August 20th, 2012 by Patrick Brown in Sports College08football

Tailback Devrin Young, No. 19, looks downfield while linebacker Greg King, No. 48, pursues in this file photo.

Photo by Jake Daniels /Times Free Press.

KNOXVILLE - The irony is too strong to ignore.

Injuries have depleted Tennessee at tight end and prompted Greg King, the oft-injured linebacker who's now fully healthy, to make a position switch.

With Brendan Downs (dislocated kneecap) and Joseph Ayres (sprained ankle) sidelined, King worked with the Volunteers' tight ends and fullbacks during practice Sunday afternoon.

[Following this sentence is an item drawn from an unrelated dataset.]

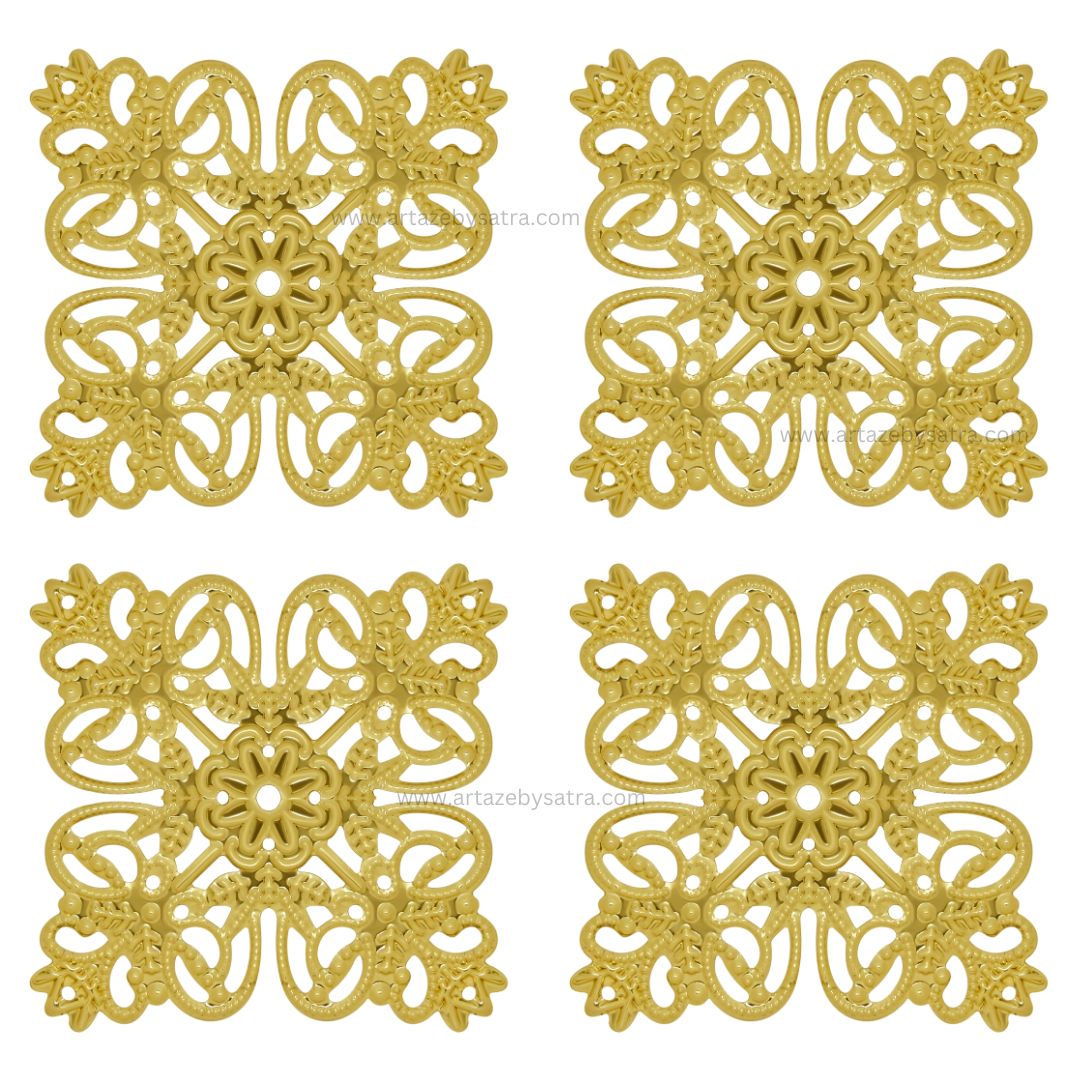 Square Metal Art Base | Size : 56mm | Qty : 100g | MA463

"It's an opening, it's a shot, we need it and I think I can do it," said King, a fourth-year junior from Memphis. "Linebacker and fullback and tight end are almost the same. You're either catching the ball and running a route or you're trying to knock a ball down. I look at it just like that."

The Vols essentially are down to Mychal Rivera, Ben Bartholomew and freshman Justin King at the tight end and fullback positions due to injuries and Cameron Clear's offseason dismissal. With less than two weeks before the season opener, a position switch was inevitable. The 6-foot-2, 239-pound Greg King was a nonfactor at linebacker, even though Tennessee is thin there, too.

"He's got the tight-end body type," coach Derek Dooley said. "He's not in the two-deep over there, but he's got some good qualities about him. He's got a good attitude."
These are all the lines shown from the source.